[THE DATA]
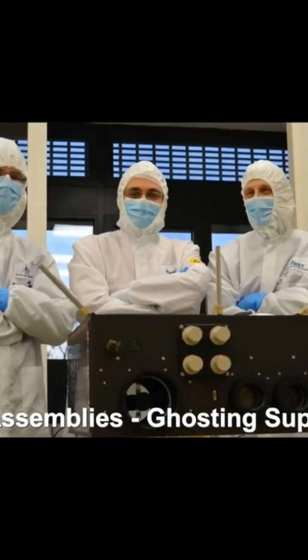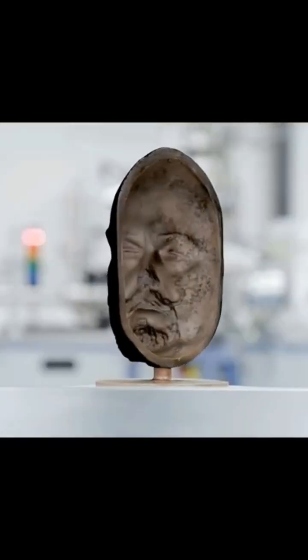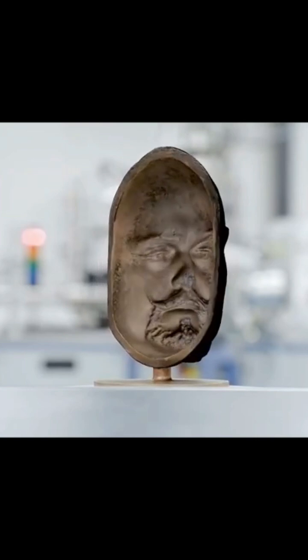Vantablack is used in a variety of applications, including military and aerospace technologies, scientific instruments, and art installations. Its unique properties make it ideal for use in applications where low reflectivity or high absorption of light is desired.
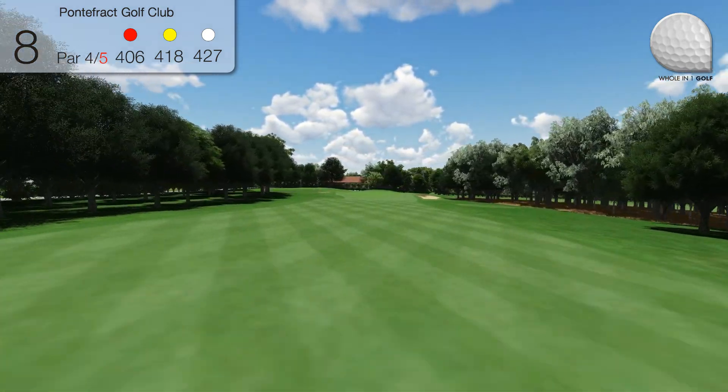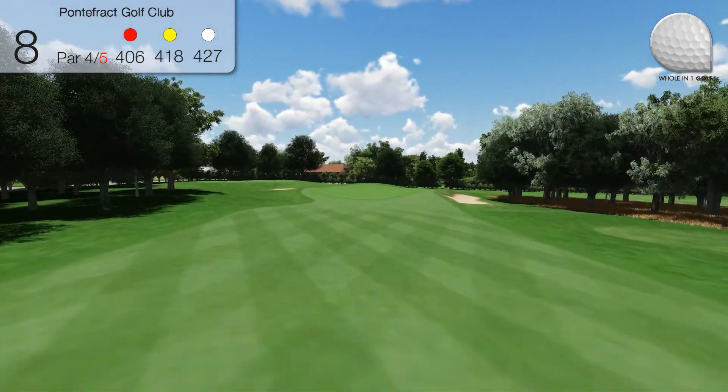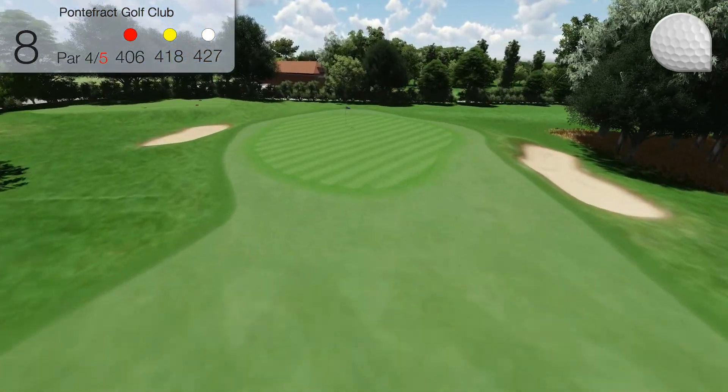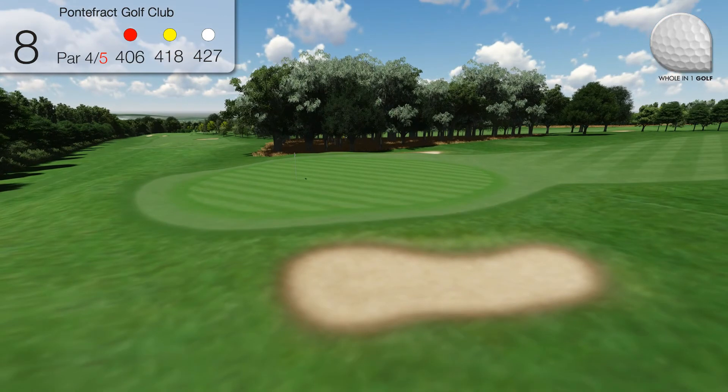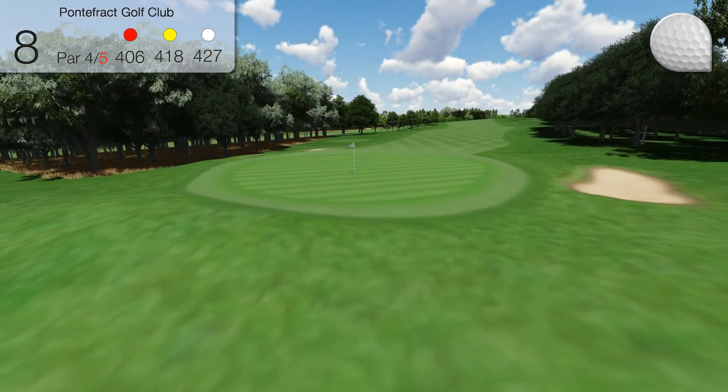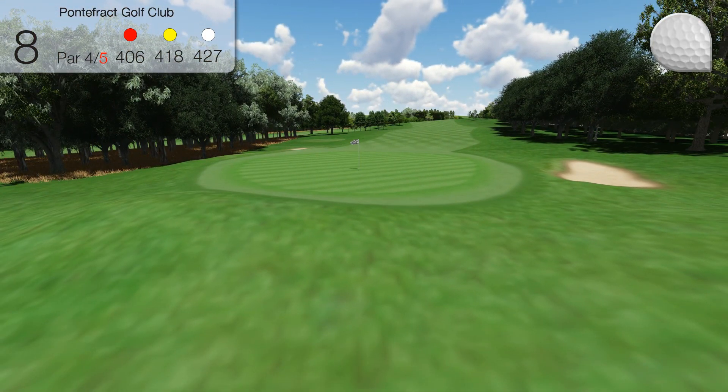The approach is to a large green that slopes left to right. There's a deep bunker on the right and out of bounds at the rear has to be avoided as you approach the clubhouse, almost midway through the round. You must try and leave yourself an uphill putt here.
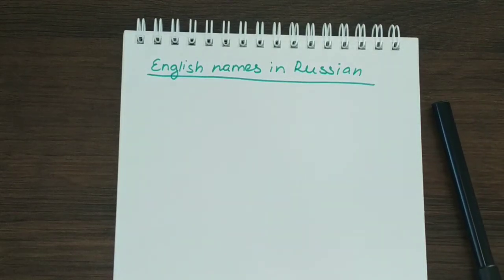Hi Russian learners, Oksana here, welcome to my channel. Today for our Russian studies I wanted to make this fun video which I think will be interesting to you. I wanted to tell you about how English names are spelled and pronounced in Russian. I thought it would be cool for some of you who are from English-speaking countries to find out how your name sounds in Russian. I want to make a series of these videos taking names from other countries as well and translating them to Russian.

[TRY IT] Transcribe all the data word for word; the images stay out.

[OUTPUT FOR THIS TASK]
Vantablack is used in a variety of applications, including military and aerospace technologies, scientific instruments, and art installations. Its unique properties make it ideal for use in applications where low reflectivity or high absorption of light is desired.
The approach is to a large green that slopes left to right. There's a deep bunker on the right and out of bounds at the rear has to be avoided as you approach the clubhouse, almost midway through the round. You must try and leave yourself an uphill putt here.
Hi Russian learners, Oksana here, welcome to my channel. Today for our Russian studies I wanted to make this fun video which I think will be interesting to you. I wanted to tell you about how English names are spelled and pronounced in Russian. I thought it would be cool for some of you who are from English-speaking countries to find out how your name sounds in Russian. I want to make a series of these videos taking names from other countries as well and translating them to Russian.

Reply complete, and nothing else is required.